神社の平屋
あらすじ。
町の宿屋でいざこざあった後、巫女っちが高熱で倒れた。
神社の広大な敷地のわきにある住まい。平屋で広い屋内の一室に、巫女っちを抱きかかえ運ぶ僕は導かれるように入っていった。
畳を敷き詰められたその部屋に、巫女っちを寝かせ、押し入れから敷布団を見つけそれを部屋に敷くと、巫女っちは自らの足でその布団までふらふらと歩き、仰向けに横になった。
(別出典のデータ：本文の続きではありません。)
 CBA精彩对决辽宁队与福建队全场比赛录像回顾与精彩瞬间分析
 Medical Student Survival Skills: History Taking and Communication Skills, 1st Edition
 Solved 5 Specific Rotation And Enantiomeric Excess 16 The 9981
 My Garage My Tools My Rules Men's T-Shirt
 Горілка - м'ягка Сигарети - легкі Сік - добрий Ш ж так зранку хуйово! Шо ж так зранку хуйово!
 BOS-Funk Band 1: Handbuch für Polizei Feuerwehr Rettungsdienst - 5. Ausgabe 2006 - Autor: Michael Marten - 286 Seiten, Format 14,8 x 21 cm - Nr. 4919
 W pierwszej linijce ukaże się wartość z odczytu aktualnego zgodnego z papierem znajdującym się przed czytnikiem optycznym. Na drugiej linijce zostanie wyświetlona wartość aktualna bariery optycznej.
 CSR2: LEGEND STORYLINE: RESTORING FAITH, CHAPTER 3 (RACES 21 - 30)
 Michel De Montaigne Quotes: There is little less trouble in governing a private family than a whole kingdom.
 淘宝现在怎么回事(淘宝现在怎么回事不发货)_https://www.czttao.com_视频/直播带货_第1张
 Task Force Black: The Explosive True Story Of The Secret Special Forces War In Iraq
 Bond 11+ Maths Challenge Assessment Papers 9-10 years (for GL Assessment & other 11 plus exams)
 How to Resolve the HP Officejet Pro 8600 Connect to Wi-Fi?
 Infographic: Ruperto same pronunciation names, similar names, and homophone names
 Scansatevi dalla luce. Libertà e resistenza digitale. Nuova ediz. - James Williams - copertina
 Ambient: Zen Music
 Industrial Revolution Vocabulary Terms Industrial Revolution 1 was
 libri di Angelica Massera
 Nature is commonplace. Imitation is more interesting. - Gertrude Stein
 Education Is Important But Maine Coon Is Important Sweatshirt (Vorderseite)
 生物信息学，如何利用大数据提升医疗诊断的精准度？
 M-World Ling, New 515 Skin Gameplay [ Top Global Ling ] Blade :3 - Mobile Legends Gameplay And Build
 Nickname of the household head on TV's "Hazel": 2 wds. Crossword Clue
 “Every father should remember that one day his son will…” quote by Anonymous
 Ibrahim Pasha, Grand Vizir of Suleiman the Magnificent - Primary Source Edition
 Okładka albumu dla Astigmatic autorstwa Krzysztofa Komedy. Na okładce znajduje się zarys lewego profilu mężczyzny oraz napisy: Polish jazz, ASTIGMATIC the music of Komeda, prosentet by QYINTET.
巫女っちの額を再び触れるが、熱は高いようで異様な暑さを感じる。
「薬はどこにある?」
「これくらい……眠れば治りますから……」
そう微笑まれても、そんな荒い呼吸では何の説得力もない。
「……薬は?」
「……薬屋に取りにいかないとないです」
「分かった」
僕は再び押し入れを調べ、薄手の毛布と小さな手ぬぐいをいくつか取り出す。そして毛布を横になる巫女っちにゆっくり被せてやる。
「台所は?」
「あっちです」
巫女っちの指さす先にタイル造りの台所が見える。
僕は台所から水のたくさん入りそうな鍋を探し出し、水をたっぷり入れて重々しく運び巫女っちの側に置く。そして鍋の水で手ぬぐいを一枚しっかりと湿らせ、絞ってから巫女っちの額へと置く。
「すぐ戻って来る」
僕は言葉を残し、薬屋へと町へ向かった。
長らく多忙で病んでいました。毎日少しづつ更新して行く昔のスタイルに戻します。